A candidate gene approach to dissect the partial resistance of ‘Président Roulin’
In the current study, we proposed a candidate gene approach to better understand the molecular basis of the partial scab resistance of ‘Président Roulin’ consisting of three steps: the choice, screening, and functional validation of CDGs (Pflieger et al. 2001).
Choice of the CDGs
Thirteen CDGs were selected from a previous study (Bastiaanse et al. 2014) aiming to identify differentially expressed genes in ‘Président Roulin’, 48 h after V. inaequalis inoculation, as compared to the susceptible cultivar ‘Gala’. CDGs specifically induced or repressed in ‘Président Roulin’ and showing homology with plant defense genes were chosen (Table 1). In fact, numerous studies demonstrated that, beside basal host resistance, the key difference between resistant and susceptible hosts is the timely recognition of the invading pathogen and the activation of plant defense genes which is accompanied by the accumulation of corresponding gene products (Durrant et al. 2000; Alignan et al. 2006; Gabriëls et al. 2006; Wang et al. 2010; Shi et al. 2011; Li et al. 2012; Paris et al. 2012).
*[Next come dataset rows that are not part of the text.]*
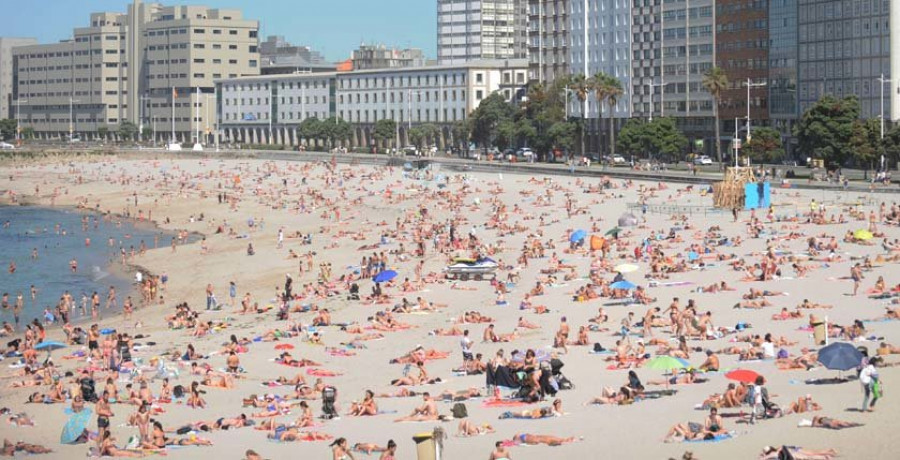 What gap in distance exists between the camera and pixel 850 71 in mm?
105750

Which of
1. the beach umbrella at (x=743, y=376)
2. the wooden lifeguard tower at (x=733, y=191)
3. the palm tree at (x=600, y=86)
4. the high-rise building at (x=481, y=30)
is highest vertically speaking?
the high-rise building at (x=481, y=30)

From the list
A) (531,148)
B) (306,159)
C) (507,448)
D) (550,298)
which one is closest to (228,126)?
(306,159)

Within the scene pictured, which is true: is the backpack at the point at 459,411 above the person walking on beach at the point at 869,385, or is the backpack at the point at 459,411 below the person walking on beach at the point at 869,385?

The selected CDGs could act at different levels of the plant defense system, from the early recognition of the pathogen, which could be at the basis of the interpretation of our scab inoculation tests, to the activation of downstream plant defense responses. In fact, signaling and defense genes could also be invoked as good candidates for explaining the resistance of ‘Président Roulin’. Among the set of selected CDGs, 43DU149′/56AU33′, and 44AU9, encoded for R proteins that are at the basis of the direct or indirect recognition of the pathogen (McHale et al. 2006). These R proteins are part of membrane-associated protein complexes, including the NBS-LRR family proteins (to date, the widest class of R genes cloned in plants) and LRR receptor kinase-like proteins. Then, external stimuli are usually transduced into an intracellular host defense response consisting of signaling proteins such as mitogen-activated protein kinase (MAPK) homologous with 2EU181 (Zhang and Klessig 2001), or serine carboxypeptidases similar to 44GU182. This later protein could also act in response to wounding (Moura et al. 2001; Liu et al. 2008). The subsequent stage of elicitation of defense-related proteins is the transcriptional activation of specific genes to redirect and alter the flow of metabolites required to sustain a pathogen attack. Transcription factors such as zinc finger homeodomain proteins (HD) (53HU89) might be a key element (Park et al. 2007). Finally, downstream events in plant defense response include the generation of highly toxic environments by massively producing reactive oxygen species (ROS) (involving peroxidase, 43DU149, and tocopherol cyclase, 51HU129′) and the activation of HR, a form of local programmed cell death restricting pathogen invasion (involving both cysteine proteinase, 44EU122/44EU118, and cysteine proteinase inhibitors, 37DU41). Plants can also secrete hydrolytic enzymes that target pathogen cell walls (e.g., chitinases, 56AU29) and trigger local cell wall fortifications (e.g., pectin methylesterase, PME) and the pectin methylesterase inhibitor (PMEis, such as 44GU173). Since most of these CDGs (apart from the typical NBS-LRR resistance proteins), encode for proteins not strictly involved in plant disease resistance, but also act in other plant physiological traits, their real involvement in the partial resistance in ‘Président Roulin’ still has to be investigated.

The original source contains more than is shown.